The underground nuclear monitoring post was opened in July 1959. It would be used in the event of a nuclear bomb attack. Three men from the Royal Observer Corps would stay in the post for two weeks, with no supplies from the outside world. This meant that the post would have its own source of power, ventilation, communications, food and water.
Their job would be to monitor the nuclear bomb explosion for “blast pressure, power and flash”. The next task was to monitor the amount of radiation in the immediate environment so that the “local population would be informed of the amount of danger they were in.”
The post was closed in October 1968, and subsequently the underground part was sealed. There are still quite a few features to be seen above ground today. The main shaft which provided entrance via a ladder is the largest of the structures. Connected to it is the ground zero indicator. The nearby smaller concrete structure is the air ventilator. In between the two concrete structures is a metal tube with a flat discs on top. These are the bomb power indicator baffle plates.
The site was also used in World War 2 as a look out post. Staffed again by the Royal Observer Corps, it was used for identifying and tracking aircraft, both friend and foe. It overlooks BAE Salmesbury, which during the war was a factory site building military aircraft as well as being an RAF base.
However, Mellor Moor hilltop has even older roots.

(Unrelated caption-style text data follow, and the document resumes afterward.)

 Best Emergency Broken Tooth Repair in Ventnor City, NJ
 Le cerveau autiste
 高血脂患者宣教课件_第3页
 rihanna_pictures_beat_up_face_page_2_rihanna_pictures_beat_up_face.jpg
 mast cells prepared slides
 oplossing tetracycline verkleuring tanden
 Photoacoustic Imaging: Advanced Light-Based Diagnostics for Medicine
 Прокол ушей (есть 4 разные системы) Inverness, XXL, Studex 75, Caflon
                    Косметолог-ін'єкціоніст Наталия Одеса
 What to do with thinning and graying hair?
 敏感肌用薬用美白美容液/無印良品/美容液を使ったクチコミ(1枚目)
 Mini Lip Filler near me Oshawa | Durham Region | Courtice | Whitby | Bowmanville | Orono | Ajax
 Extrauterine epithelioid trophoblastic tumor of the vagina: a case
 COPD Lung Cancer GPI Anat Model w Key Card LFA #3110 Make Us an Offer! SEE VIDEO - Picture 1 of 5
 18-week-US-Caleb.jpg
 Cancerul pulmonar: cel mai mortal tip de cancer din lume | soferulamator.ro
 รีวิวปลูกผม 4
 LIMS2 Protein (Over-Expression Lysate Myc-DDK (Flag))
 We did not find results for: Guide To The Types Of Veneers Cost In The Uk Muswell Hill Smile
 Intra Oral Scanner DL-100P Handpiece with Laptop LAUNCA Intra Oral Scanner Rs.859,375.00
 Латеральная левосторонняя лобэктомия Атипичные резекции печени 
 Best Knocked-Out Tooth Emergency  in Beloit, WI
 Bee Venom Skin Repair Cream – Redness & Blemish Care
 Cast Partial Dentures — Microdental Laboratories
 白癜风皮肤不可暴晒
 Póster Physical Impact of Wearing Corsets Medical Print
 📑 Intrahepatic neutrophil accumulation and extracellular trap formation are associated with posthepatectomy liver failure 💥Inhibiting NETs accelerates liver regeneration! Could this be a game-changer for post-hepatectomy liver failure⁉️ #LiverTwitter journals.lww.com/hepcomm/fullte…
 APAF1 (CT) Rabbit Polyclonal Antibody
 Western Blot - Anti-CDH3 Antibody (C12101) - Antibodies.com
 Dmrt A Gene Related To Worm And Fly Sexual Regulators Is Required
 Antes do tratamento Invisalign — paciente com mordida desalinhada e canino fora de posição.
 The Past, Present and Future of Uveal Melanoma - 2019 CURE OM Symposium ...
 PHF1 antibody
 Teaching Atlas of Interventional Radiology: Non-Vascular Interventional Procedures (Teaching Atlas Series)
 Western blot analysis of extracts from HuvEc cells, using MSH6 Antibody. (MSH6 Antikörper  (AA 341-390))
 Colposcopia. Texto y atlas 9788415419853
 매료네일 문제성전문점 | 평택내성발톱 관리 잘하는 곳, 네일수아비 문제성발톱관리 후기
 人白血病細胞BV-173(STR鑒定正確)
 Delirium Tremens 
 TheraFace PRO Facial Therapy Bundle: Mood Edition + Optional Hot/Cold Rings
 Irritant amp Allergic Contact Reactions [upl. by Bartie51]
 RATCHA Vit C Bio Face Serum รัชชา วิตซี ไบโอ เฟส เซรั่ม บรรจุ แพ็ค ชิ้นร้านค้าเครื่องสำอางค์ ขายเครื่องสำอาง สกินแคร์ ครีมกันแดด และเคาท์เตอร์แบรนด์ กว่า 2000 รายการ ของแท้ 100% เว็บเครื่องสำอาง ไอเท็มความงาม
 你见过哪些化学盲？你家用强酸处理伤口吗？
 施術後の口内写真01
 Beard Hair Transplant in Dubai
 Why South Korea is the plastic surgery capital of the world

A Roman signal station was built here in the first century, to overlook Ribchester Roman Fort and the Roman road heading south.
The circular stone built "cairn" is a Millenium Project with a map of the view from the site and is not associated with the ROC station.
Above: The large square building is the main shaft down to the station.
Below Left is the ground zero indicator
Below Right is the air ventilator
Below: The site has an interpretation board (from which the above quotes are taken) and an excellent cut away diagram showing labeled external and internal structures.
Above - Left to right: The air ventilator; the bomb power indicator baffle plate; the modern Millenium Project "cairn"; the main shaft and ground zero indicator.
Above: The site in the middle of the picture, BAE Salmesbury in the distance below, with a trig point in the foreground.